▸ **Task requirements**:
In the records that follow, find the line containing "форма 3 в Заринске" and the line containing "2018年马自达阿特兹保险丝继电器资料", then transcribe both and every line between them exactly, omitting pictures.

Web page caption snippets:
>>>>

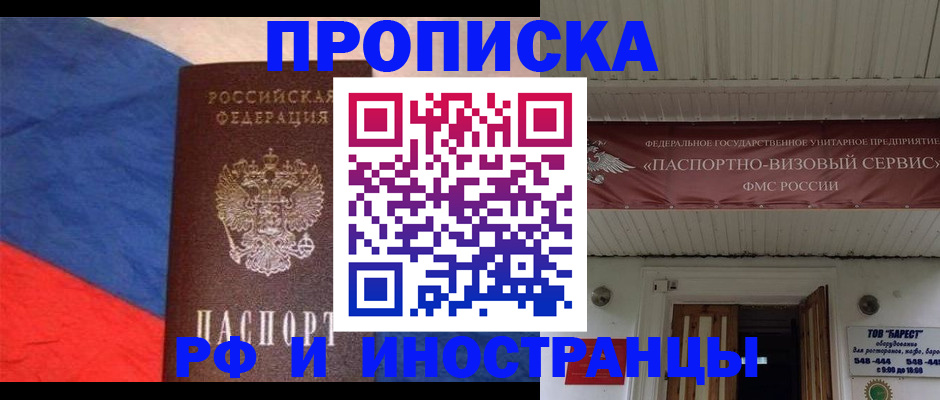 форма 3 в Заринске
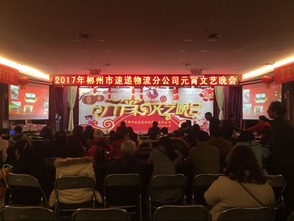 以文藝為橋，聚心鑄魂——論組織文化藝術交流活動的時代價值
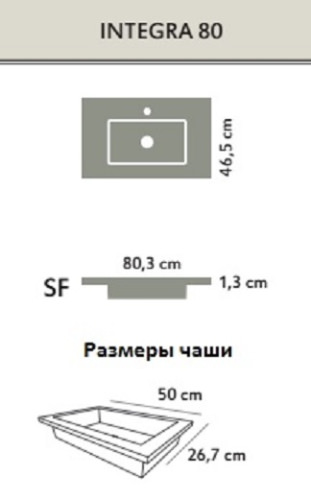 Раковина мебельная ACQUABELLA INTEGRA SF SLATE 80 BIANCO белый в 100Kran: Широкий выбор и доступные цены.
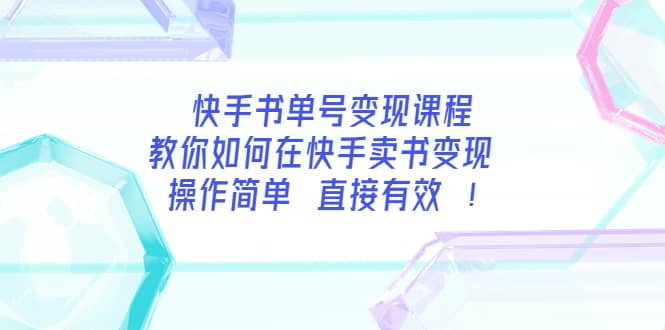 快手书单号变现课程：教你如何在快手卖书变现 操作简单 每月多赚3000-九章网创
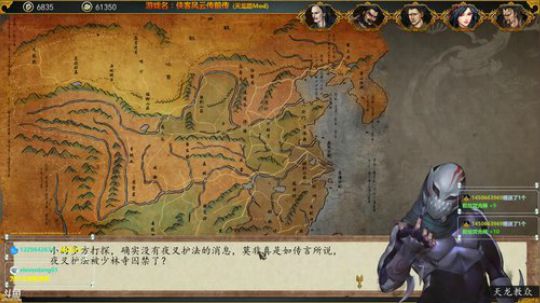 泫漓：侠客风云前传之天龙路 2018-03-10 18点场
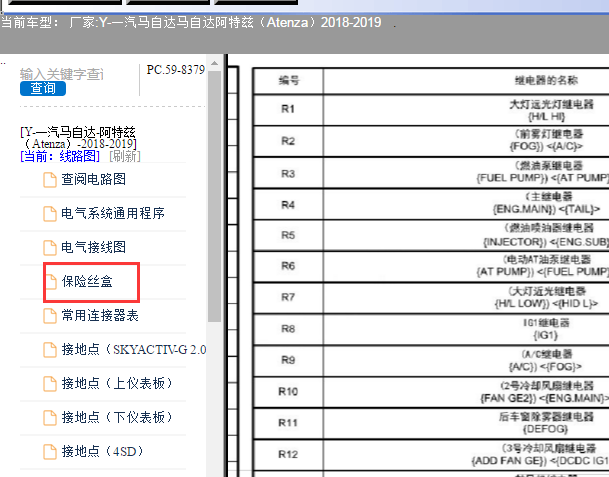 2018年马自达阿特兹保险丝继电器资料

<<<<
>>>>

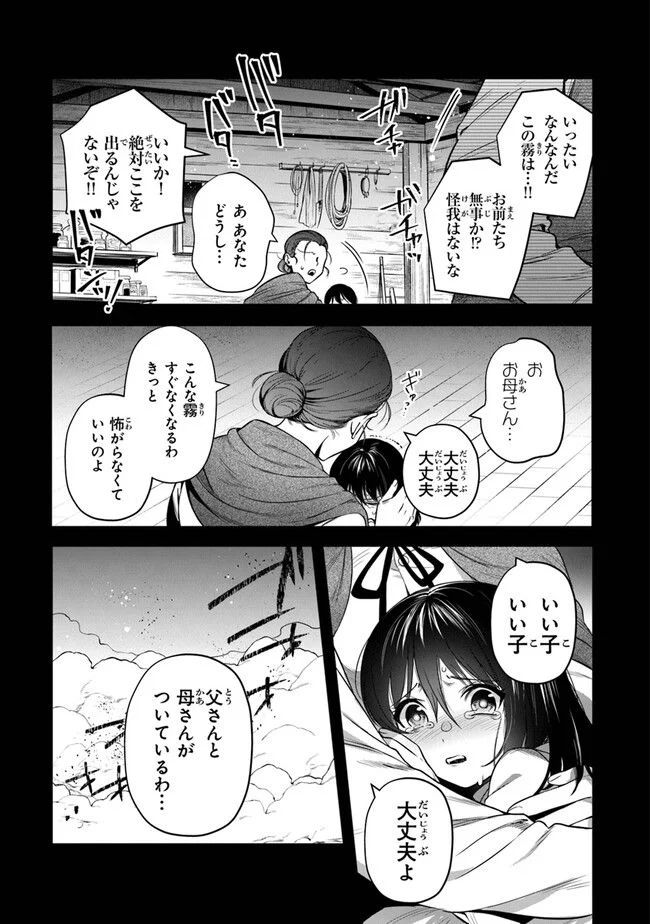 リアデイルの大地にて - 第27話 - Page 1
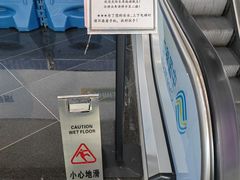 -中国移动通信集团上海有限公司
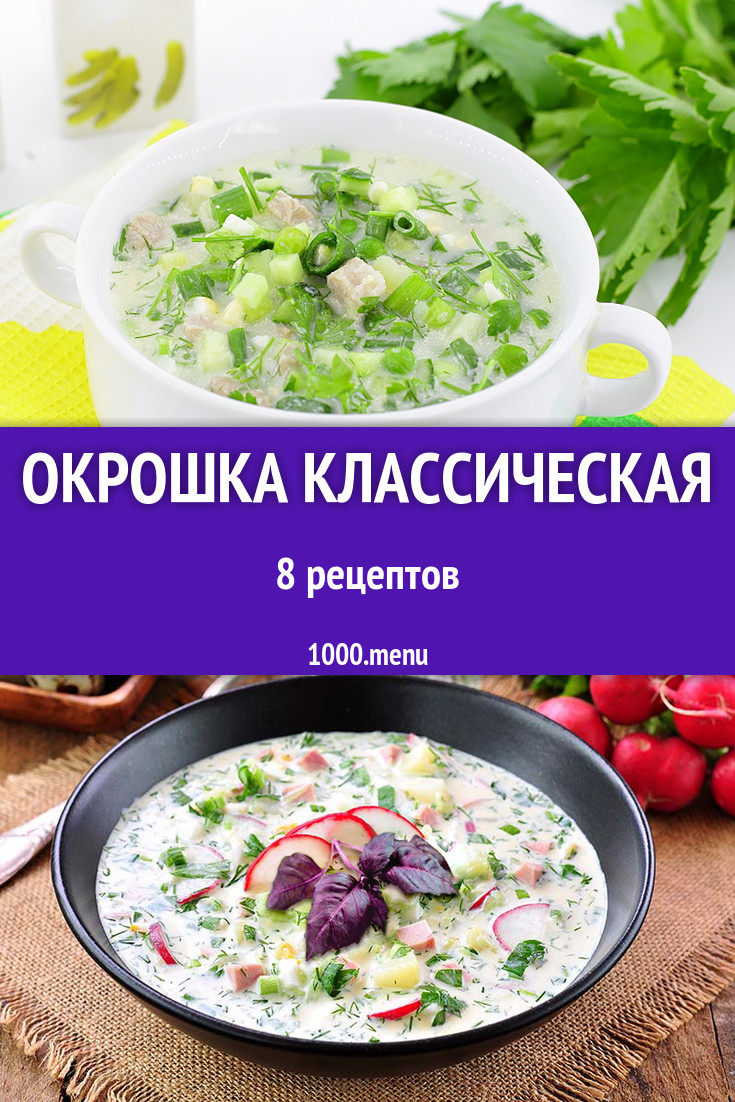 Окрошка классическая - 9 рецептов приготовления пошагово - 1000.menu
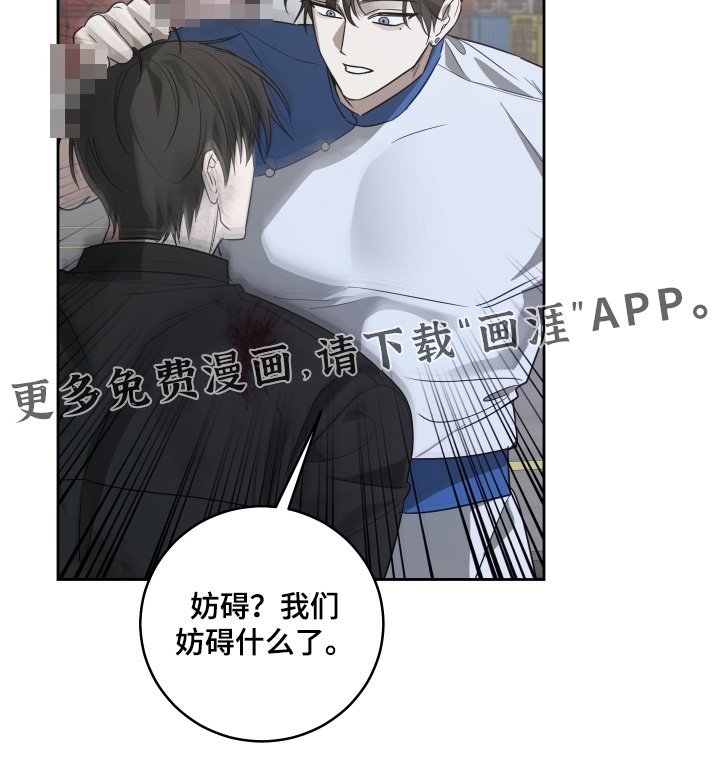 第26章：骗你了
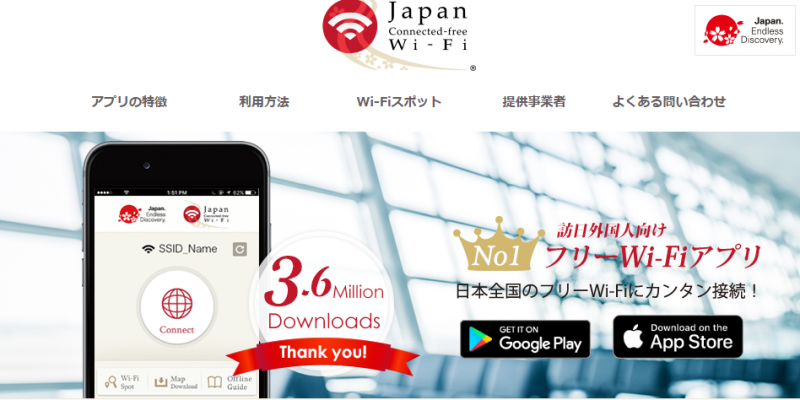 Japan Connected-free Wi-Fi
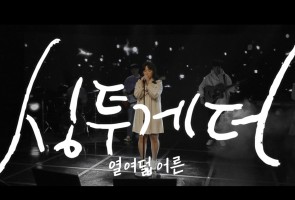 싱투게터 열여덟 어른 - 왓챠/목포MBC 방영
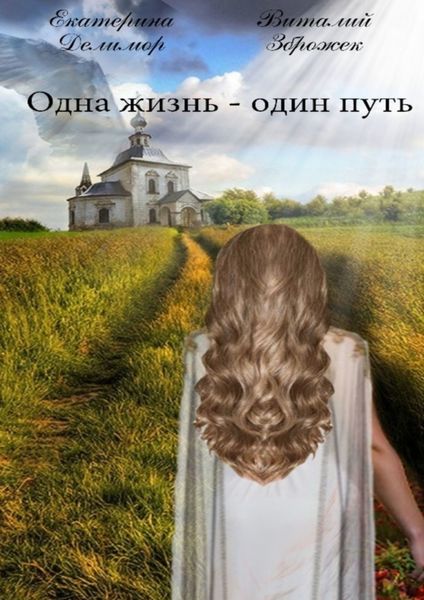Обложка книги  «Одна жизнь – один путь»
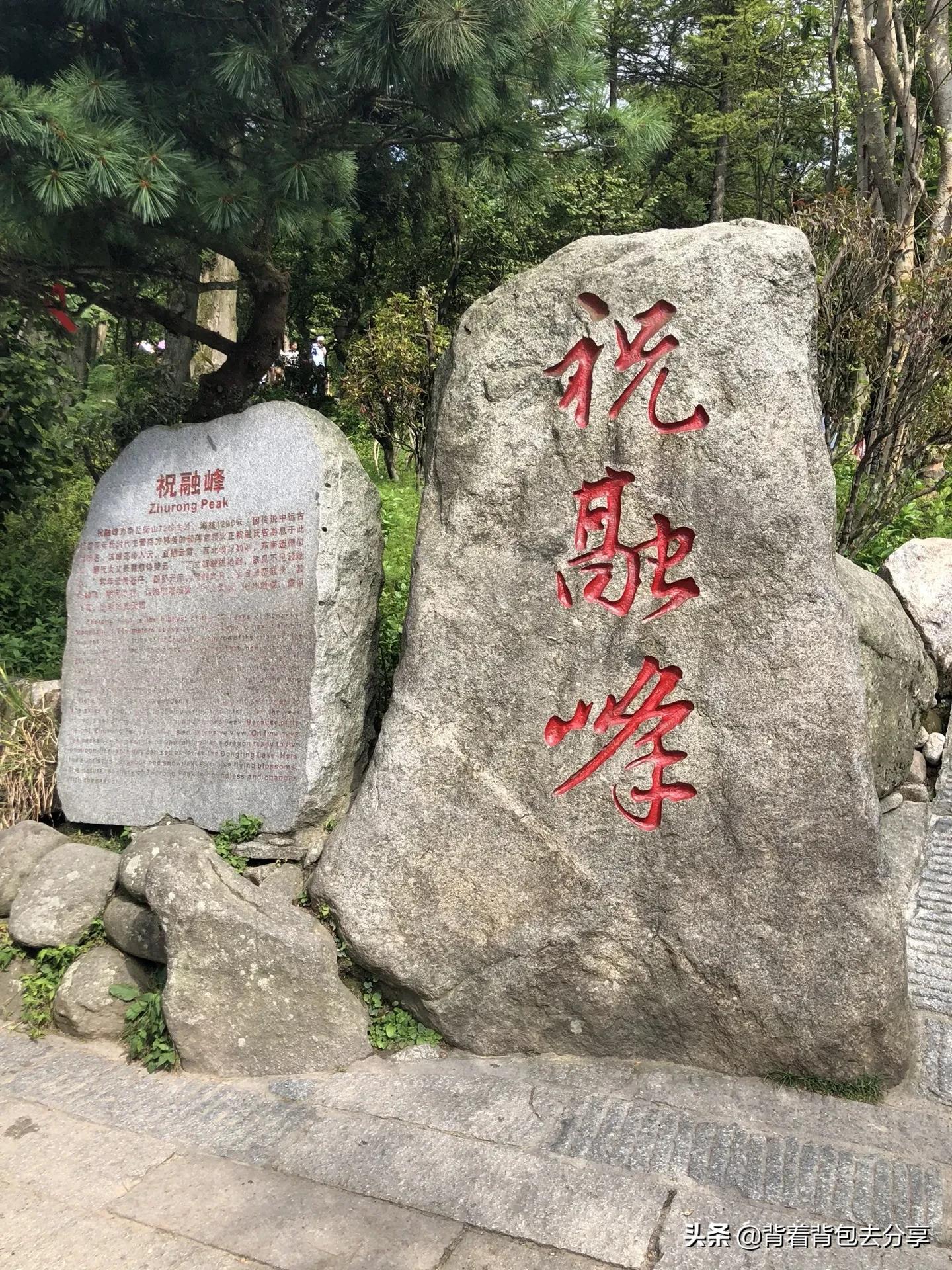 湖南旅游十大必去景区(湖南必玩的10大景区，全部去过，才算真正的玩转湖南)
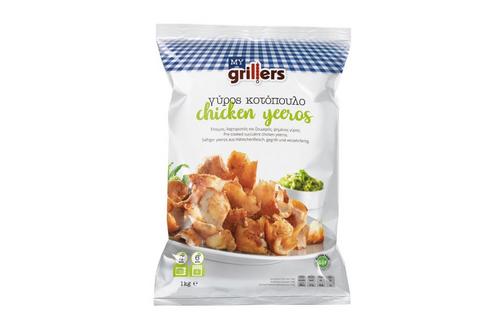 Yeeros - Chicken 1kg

<<<<

▸ **Exercise result**:
 форма 3 в Заринске
 以文藝為橋，聚心鑄魂——論組織文化藝術交流活動的時代價值
 Раковина мебельная ACQUABELLA INTEGRA SF SLATE 80 BIANCO белый в 100Kran: Широкий выбор и доступные цены.
 快手书单号变现课程：教你如何在快手卖书变现 操作简单 每月多赚3000-九章网创
 泫漓：侠客风云前传之天龙路 2018-03-10 18点场
 2018年马自达阿特兹保险丝继电器资料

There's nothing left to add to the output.